Nous voici plongés dès le début dans une Amérique de la fin des années 60, et plus spécifiquement dans l’univers de Hollywood qui a toujours éveillé les fantasmes parmi les amateurs de grand écran. Les premières minutes nous ramènent déjà quelques décennies en arrière, à l’aide d’un générique contenant une calligraphie __ des lettres rouges aux contours arrondis __ très “old fashion”, de la bonne musique psychédélique à mi-chemin entre le Motown, la folk et le rock psychédélique et des images jaunies à l’effet vintage qui rappellent les photos de nos parents lorsqu’ils étaient enfants. Les mélodies s’accordent parfaitement avec les plans sur la Cadillac blanche (moi qui adore les vieilles bagnoles, j’ai été servie) roulée par Cliff, un cascadeur qui est la doublure de Rick Dalton et qui tient parallèlement le rôle de l’homme multi-tâches.
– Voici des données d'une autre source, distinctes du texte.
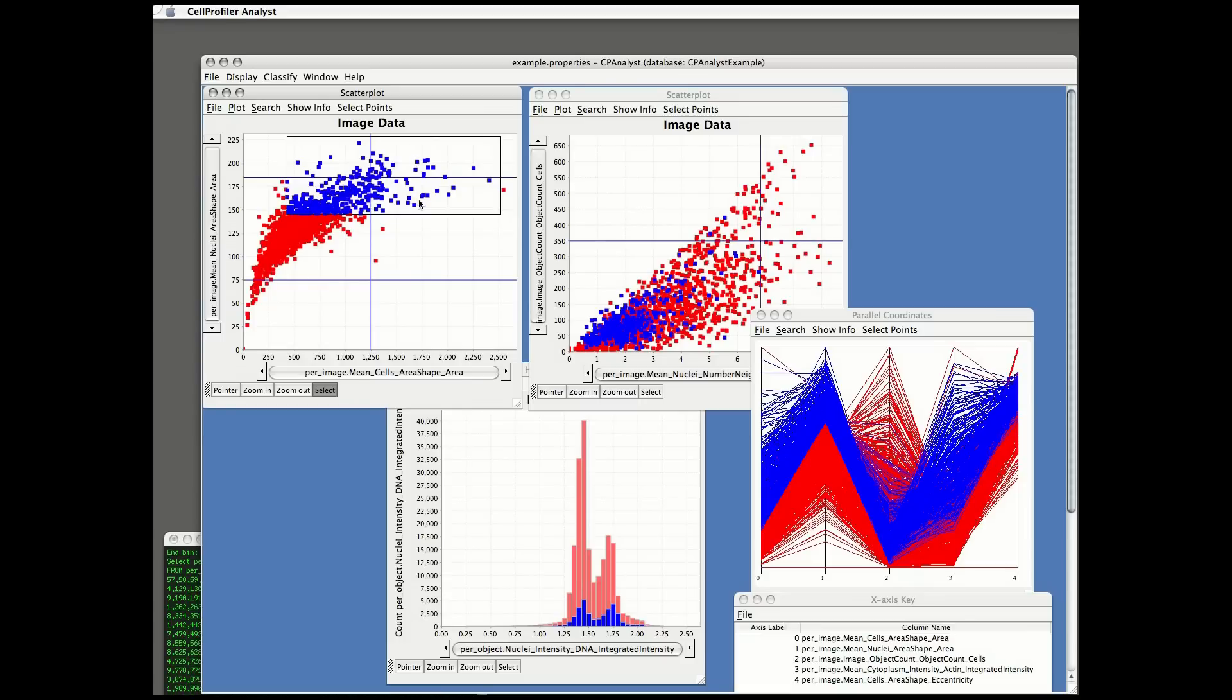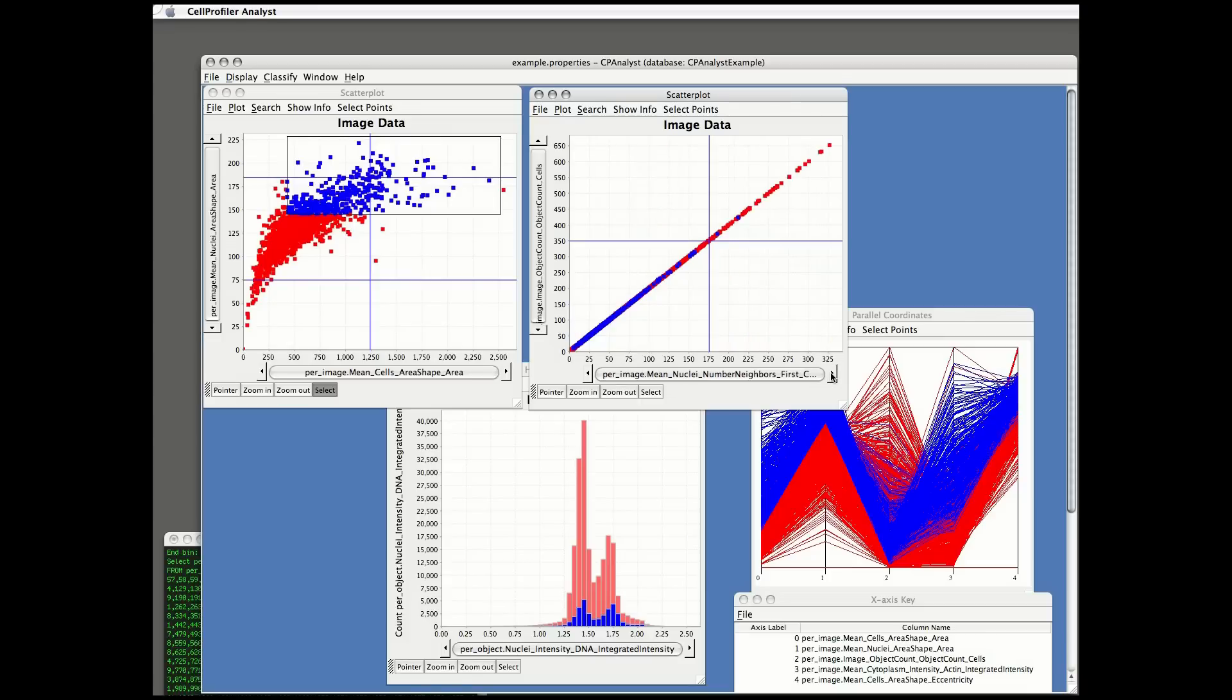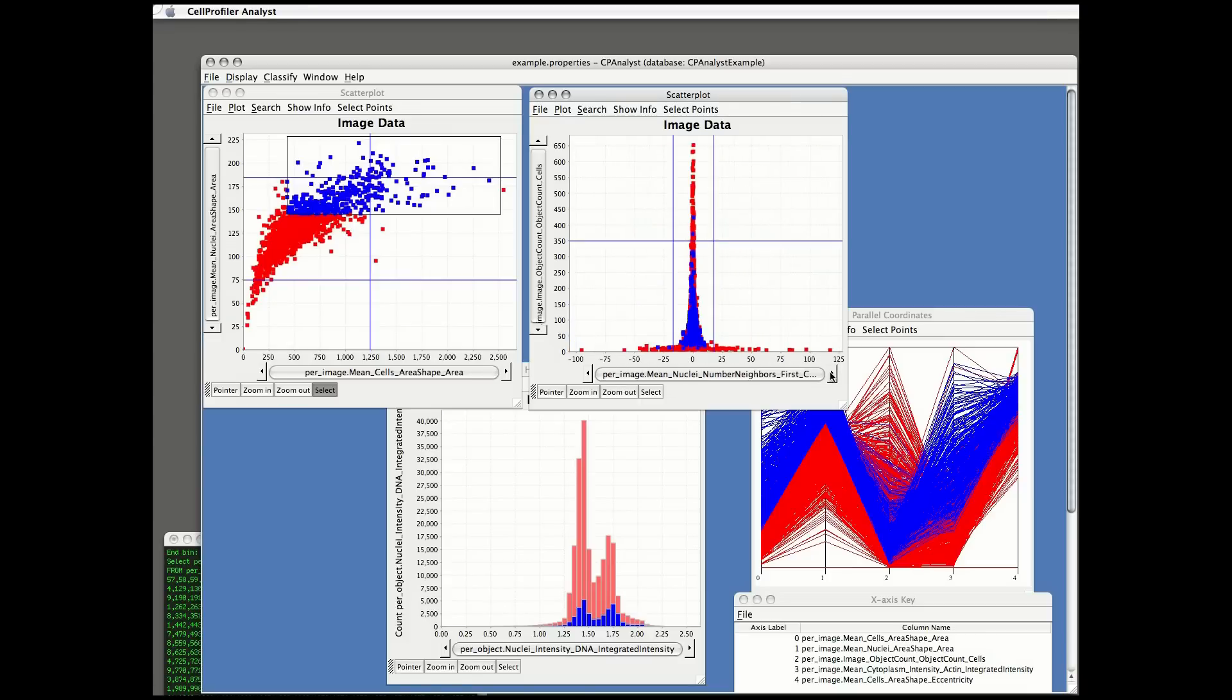I can further explore relationships between features by clicking the arrows in the axes to look at how other measured features look for the highlighted population and for the cells, the image populations overall.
Rick Dalton est un acteur de séries télévisées un peu sur la fin qui se qualifie lui-même de has been. Accro aux westerns, il méprise les “hippies” qu’il considère avec une certaine hauteur. La quarantaine bien avancée, il n’est plus assez jeune pour faire une entrée en scène magistrale au cinéma. Bien que son agent lui propose de tourner dans des westerns spaghettis en Italie, il réussit à trouver un rôle de cow-boy endurci dans un film made in US. Parallèlement, Cliff apparait comme un homme solitaire, ce qui n’est guère étonnant puisqu’il hérite d’un passé plutôt sombre, pourtant il dispose de plusieurs facettes parmi lesquelles un humour ravageur et une fidélité sans failles envers celui pour qui il se voue, c’est-à-dire Rick. Rick habite dans une magnifique villa, en ayant pour voisins des personnalités aussi légendaires que Roman Polanski et Sharon Tate. Très rapidement, nous immergeons dans le monde éminemment contestataire des beatniks en contraste avec le mode de vie très luxueux des stars de Hollywood, menant leur fastueuse existence dans les jolis recoins de Beverley Hills. Je ne vous donnerai pas de détails sur la fin, évidemment, car je ne veux pas spoiler, mais je peux vous assurer que vous ne regretterez pas d’assister à ce coup de théâtre final qui a l’effet d’une bombe lâchée en pleine nature.

Tarantino n’a pas hésité à faire un casting savoureux en réunissant des acteurs on ne peut plus talentueux, notamment des personnes très prometteuses telles que Margaret Qualley et Maya Hawke qui sont respectivement les filles d’Andy Mc Dowell et Uma Thurman. Leonardo DiCaprio ainsi que Brad Pitt font une prestation impeccable dans ce film que je recommande à tous les cinéphiles qui désirent voir un véritable “spectacle” qui s’avère être un plaisir pour nos yeux.
Le réalisateur nous montre qu’il manie le burlesque avec toujours autant de brio, ce nostalgique de la pop culture nous invite à traverser les vagues du psychédélisme en toute décomplexion.